In the summertime when the weather is hot, you should make sure you’re taking care of your dog. In the summertime, have your puppy, have your poochy on your mind…

Well, that was fun! But, seriously, now that the warmer months are approaching, our pets will certainly start to feel the heat.

But what is there you can do to keep your dog cool in hot weather? “Plenty” is the answer.

Here are just five easy tips: 

Freeze gravy

Seriously.

You know those “ice pop” moulds you can get in any supermarket? Dissolve some gravy in boiling water, let it cool, pop it in one of these moulds and then freeze until, well, frozen!

Then, on a hot day, pull it out the freezer and hand over to your pup!

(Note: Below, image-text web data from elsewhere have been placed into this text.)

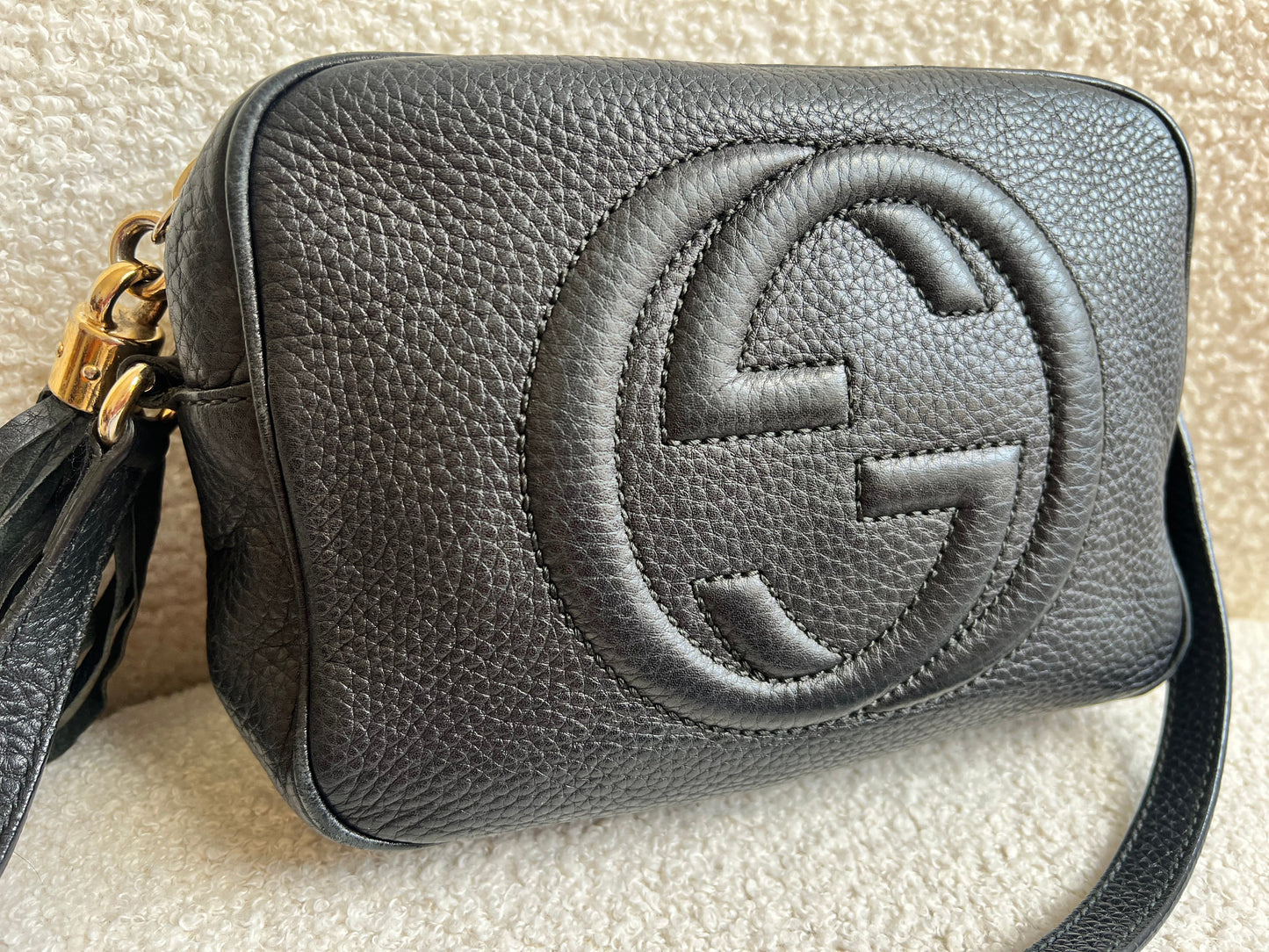 Gucci Black Soho Disco (RRP £1050)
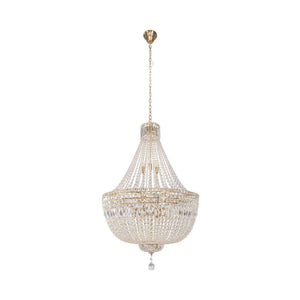 Chandelier Classique Basket Chandelier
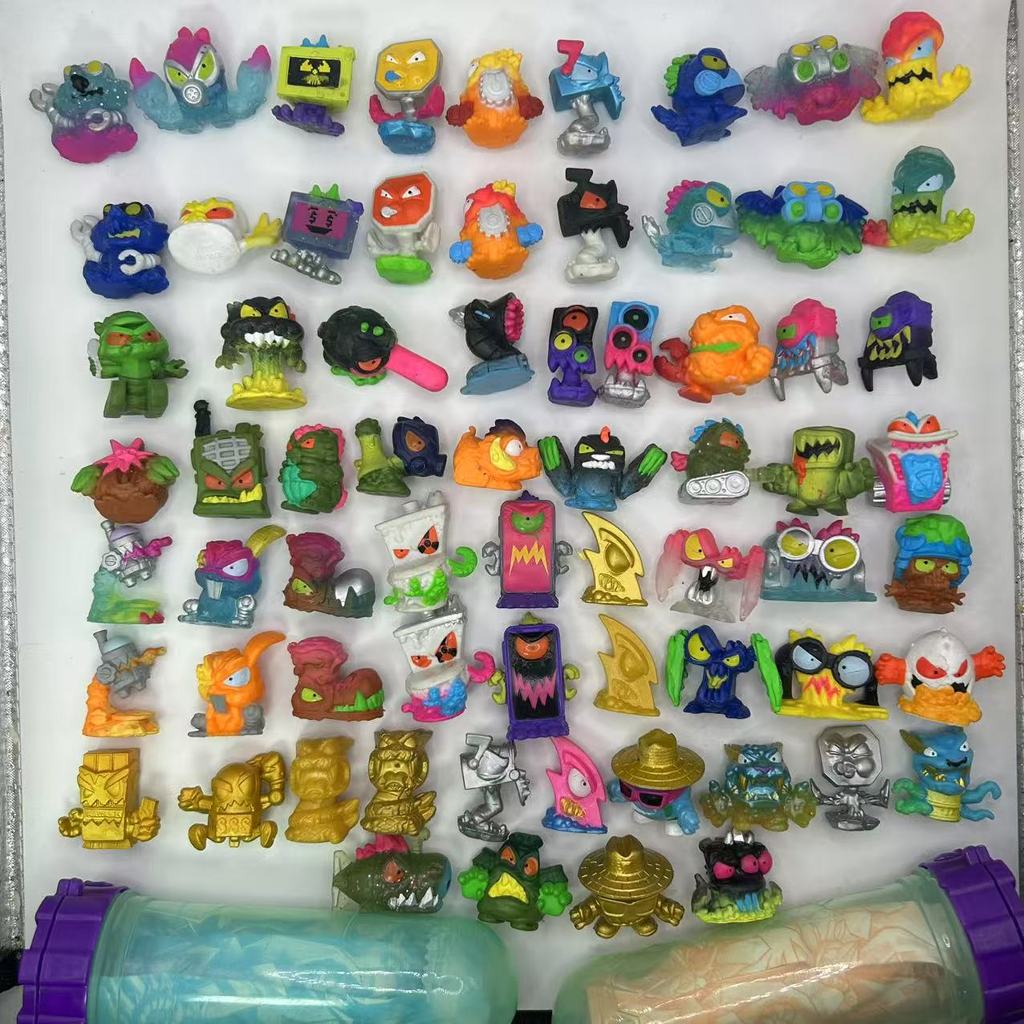 Bán chạy Nai sừng tấm vận chuyển nhanh Mr. Beast Lab Mrbeast Ống thử nghiệm Sản xuất quái vật Đồ chơ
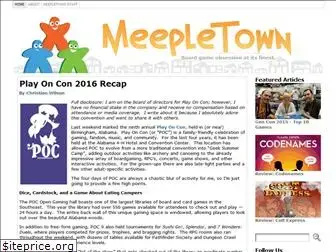 meepletown.com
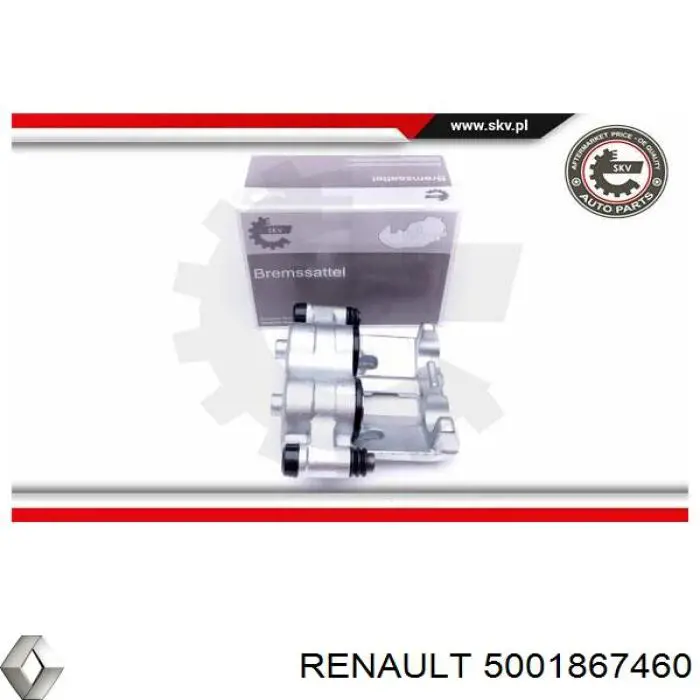 5001867460 Renault (RVI)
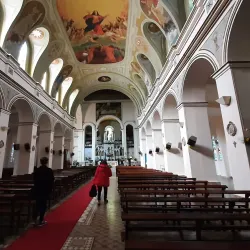 Iglesia de la Virgen del Carmen - Parana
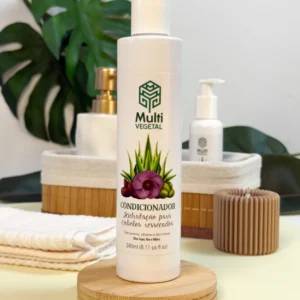 Condicionador de Oliva e Argan – Cabelos ressecados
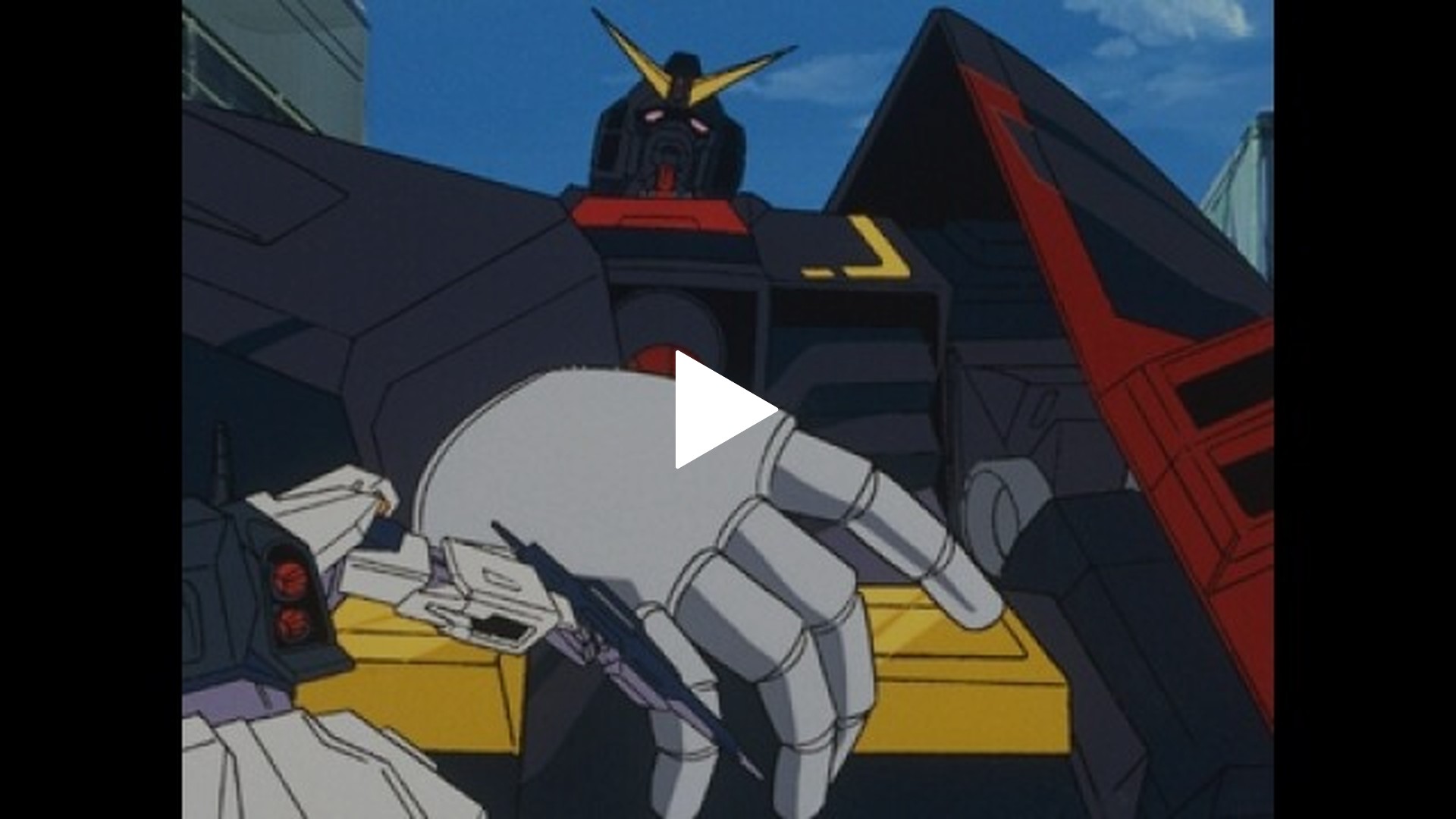 機動戦士Zガンダム-第17話 ホンコン・シティ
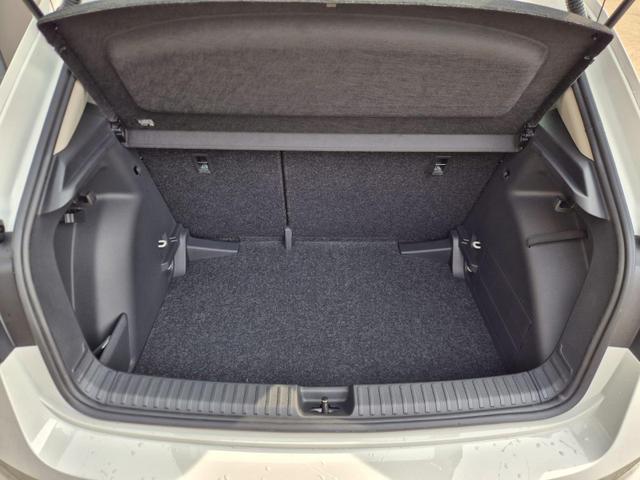 Skoda Fabia 1.0 TSI 95PS Selection 5-t&uuml;rig R&uuml;ckf.Kamera Parksensoren Sitzheizung Multifunktionslenkrad Klima Skoda-Radio Bluetooth Touchscreen Tempomat Nebelsch. Apple CarPlay + Android Auto 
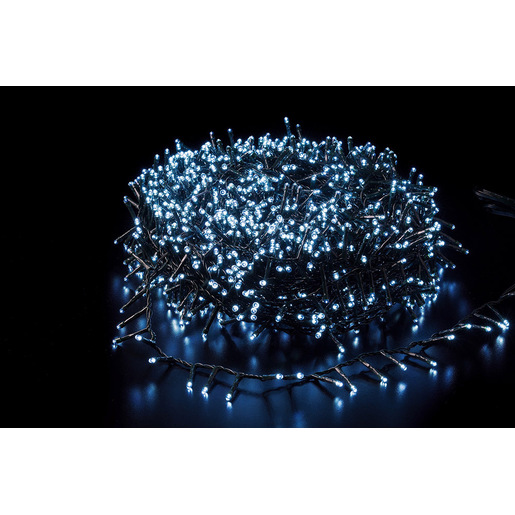 Joia Home 73311 stringa di luce 20 m 1000 lampada(e) LED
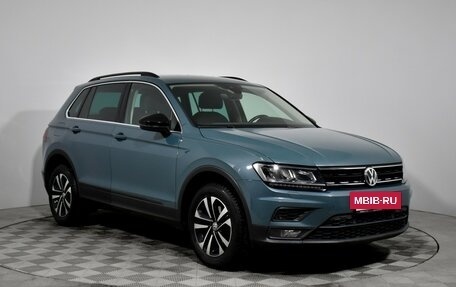 Volkswagen Tiguan II, 2020 год, 2 049 000 рублей, 3 фотография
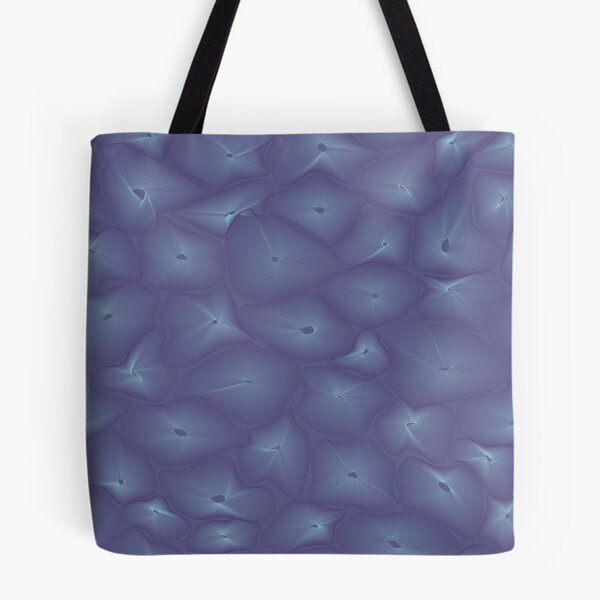 Item preview, Fabric Rolls Texture – Soft Blue Abstract Textile Pattern designed and sold by Medlena.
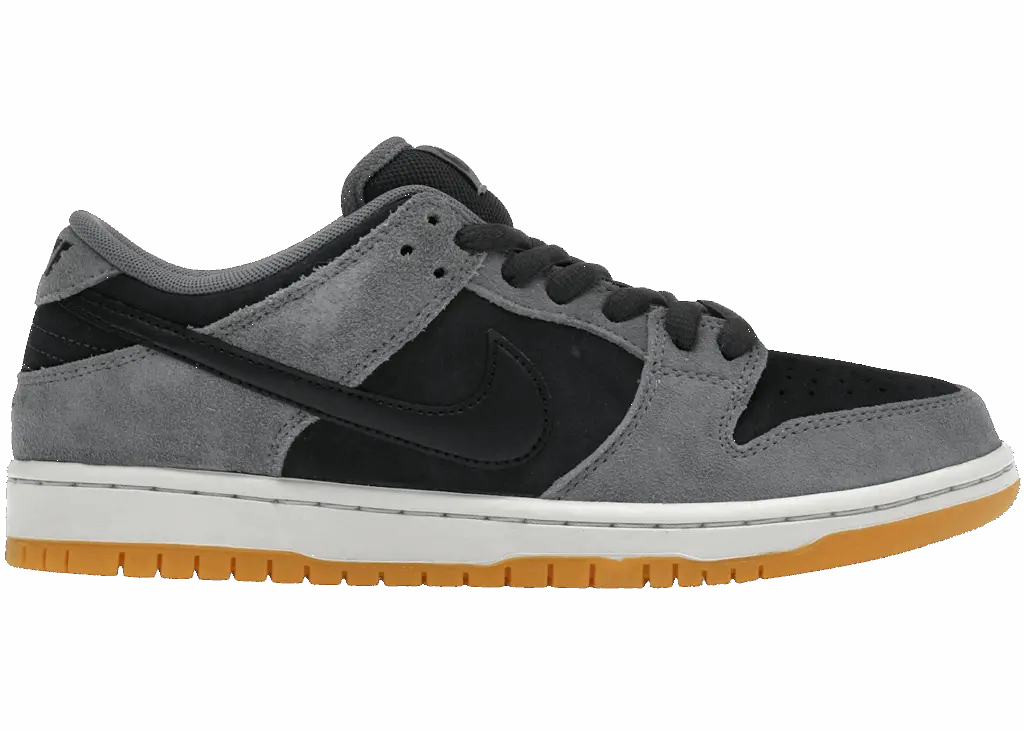 Giày Nike SB Dunk Low 'Dark Smoke Grey' HF3063-001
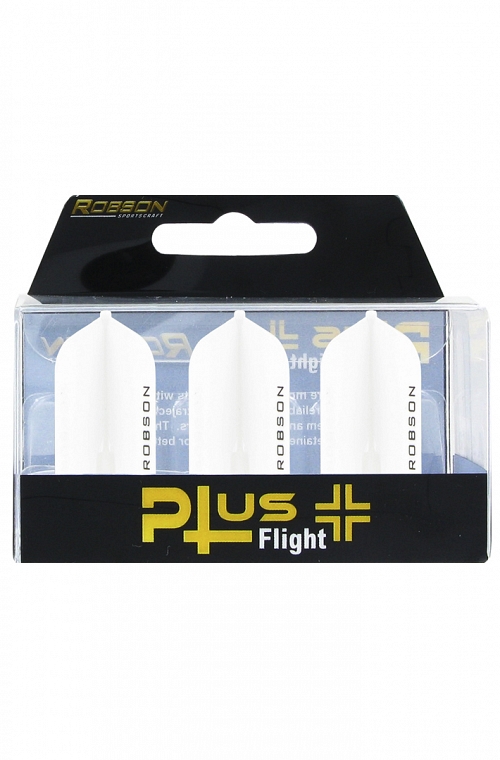 Robson Flight Plus Slim White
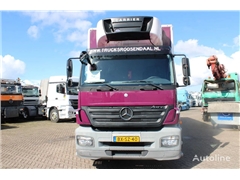 Mercedes Axor Ciężarówka chłodnia Mercedes-Benz Axor 1824 + carrier supra 950 + euro 5 + 18t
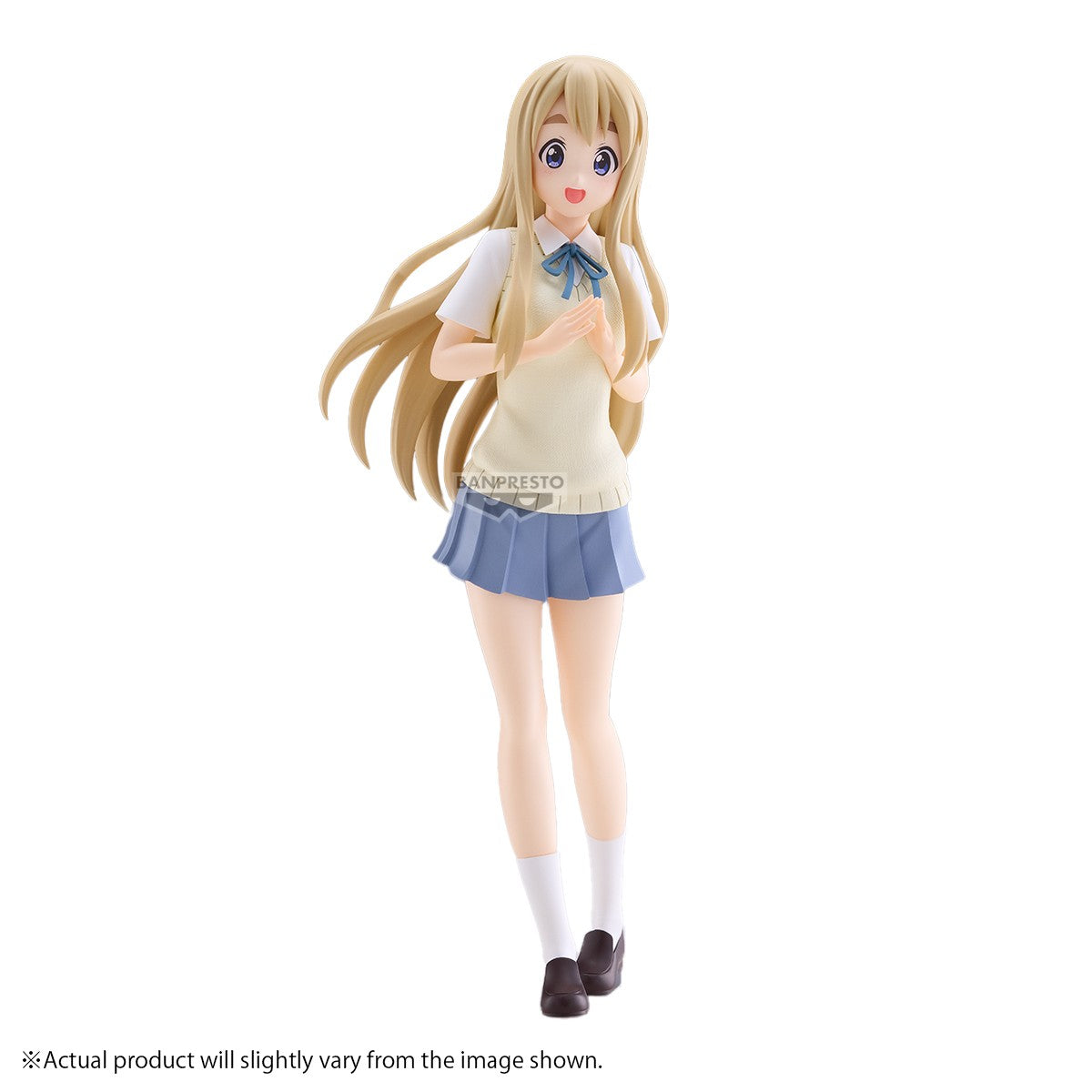 K-On! - Tsumugi Kotobuki SQ Figur - Banpresto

Give your dog their very own "paddling pool”

Pooches who love the water will, naturally, love it even more during the hot months. The good thing about this is that the water will keep your dog cool.

So why not spend a few quid on a paddling pool for kids - the perfect size for poochies! If your dog is a beach bum, a dip in the sea is just as good.

Watch for signs of dehydration

Dogs cool off by panting, so a dog that is feeling the heat will be extremely drooly.

They will also become lethargic, have bloodshot eyes, and, if you lift its skin, it will take longer to fall back into place.

An easy way to counter this is to ensure there is always fresh, cold water in an easily accessible bowl. Simple!

Let your dog dig!

This might not be the ideal tip for keen gardeners, but your dog may end up resorting to finding their own way to avoid the heat.

Dogs dig to find food, hide, give birth… or to keep cool! If you have a shady area in your garden which is seldom used, let them dig.

Don’t go for walkies when it’s BAKING outside

If it’s 25C at 1pm, maybe don’t take doggy around the block. Instead, go for walkies in the cooler part of the day, when the sun isn’t beating down.

Ideal times for this are early in the morning and then in the evening hours.

Bonus: Never leave your dog in a parked car

This should go without saying, really.

Even if your car is parked “in the shade”, it keeps a lot of heat. Also, when in the car, a dog may become agitated if mistaking passers-by for mum and dad, or panic from claustrophobia - and this can cause dehydration.

If you’re in the car, make sure you have your AC running and that you have water to give them, once stopped.